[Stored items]
---

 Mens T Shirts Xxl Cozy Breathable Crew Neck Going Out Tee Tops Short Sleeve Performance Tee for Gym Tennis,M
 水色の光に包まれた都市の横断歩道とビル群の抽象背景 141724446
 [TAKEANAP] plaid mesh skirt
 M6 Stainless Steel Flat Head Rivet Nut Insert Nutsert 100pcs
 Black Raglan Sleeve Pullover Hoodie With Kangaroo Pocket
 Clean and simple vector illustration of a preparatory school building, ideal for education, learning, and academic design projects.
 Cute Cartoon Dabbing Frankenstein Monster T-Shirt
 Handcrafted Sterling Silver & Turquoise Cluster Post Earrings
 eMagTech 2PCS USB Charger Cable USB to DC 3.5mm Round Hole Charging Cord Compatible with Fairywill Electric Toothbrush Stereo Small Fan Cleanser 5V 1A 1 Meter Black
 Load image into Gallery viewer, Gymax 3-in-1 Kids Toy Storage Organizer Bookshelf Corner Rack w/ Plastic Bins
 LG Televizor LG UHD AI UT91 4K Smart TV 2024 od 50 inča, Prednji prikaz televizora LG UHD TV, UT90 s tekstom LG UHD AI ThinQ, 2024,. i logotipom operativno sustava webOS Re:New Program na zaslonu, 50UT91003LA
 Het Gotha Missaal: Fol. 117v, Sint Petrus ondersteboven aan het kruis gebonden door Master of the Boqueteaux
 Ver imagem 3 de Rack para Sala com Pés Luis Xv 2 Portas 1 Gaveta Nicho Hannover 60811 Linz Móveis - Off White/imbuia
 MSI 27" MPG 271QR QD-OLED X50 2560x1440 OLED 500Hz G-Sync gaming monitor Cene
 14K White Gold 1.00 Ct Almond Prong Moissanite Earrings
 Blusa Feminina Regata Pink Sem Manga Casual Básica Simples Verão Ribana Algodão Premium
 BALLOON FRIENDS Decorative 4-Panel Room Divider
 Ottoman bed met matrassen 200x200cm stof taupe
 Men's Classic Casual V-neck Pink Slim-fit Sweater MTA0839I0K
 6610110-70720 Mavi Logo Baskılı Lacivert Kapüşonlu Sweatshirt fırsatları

---

What's wanted here is every record, retyped exactly as shown above.

 Mens T Shirts Xxl Cozy Breathable Crew Neck Going Out Tee Tops Short Sleeve Performance Tee for Gym Tennis,M
 水色の光に包まれた都市の横断歩道とビル群の抽象背景 141724446
 [TAKEANAP] plaid mesh skirt
 M6 Stainless Steel Flat Head Rivet Nut Insert Nutsert 100pcs
 Black Raglan Sleeve Pullover Hoodie With Kangaroo Pocket
 Clean and simple vector illustration of a preparatory school building, ideal for education, learning, and academic design projects.
 Cute Cartoon Dabbing Frankenstein Monster T-Shirt
 Handcrafted Sterling Silver & Turquoise Cluster Post Earrings
 eMagTech 2PCS USB Charger Cable USB to DC 3.5mm Round Hole Charging Cord Compatible with Fairywill Electric Toothbrush Stereo Small Fan Cleanser 5V 1A 1 Meter Black
 Load image into Gallery viewer, Gymax 3-in-1 Kids Toy Storage Organizer Bookshelf Corner Rack w/ Plastic Bins
 LG Televizor LG UHD AI UT91 4K Smart TV 2024 od 50 inča, Prednji prikaz televizora LG UHD TV, UT90 s tekstom LG UHD AI ThinQ, 2024,. i logotipom operativno sustava webOS Re:New Program na zaslonu, 50UT91003LA
 Het Gotha Missaal: Fol. 117v, Sint Petrus ondersteboven aan het kruis gebonden door Master of the Boqueteaux
 Ver imagem 3 de Rack para Sala com Pés Luis Xv 2 Portas 1 Gaveta Nicho Hannover 60811 Linz Móveis - Off White/imbuia
 MSI 27" MPG 271QR QD-OLED X50 2560x1440 OLED 500Hz G-Sync gaming monitor Cene
 14K White Gold 1.00 Ct Almond Prong Moissanite Earrings
 Blusa Feminina Regata Pink Sem Manga Casual Básica Simples Verão Ribana Algodão Premium
 BALLOON FRIENDS Decorative 4-Panel Room Divider
 Ottoman bed met matrassen 200x200cm stof taupe
 Men's Classic Casual V-neck Pink Slim-fit Sweater MTA0839I0K
 6610110-70720 Mavi Logo Baskılı Lacivert Kapüşonlu Sweatshirt fırsatları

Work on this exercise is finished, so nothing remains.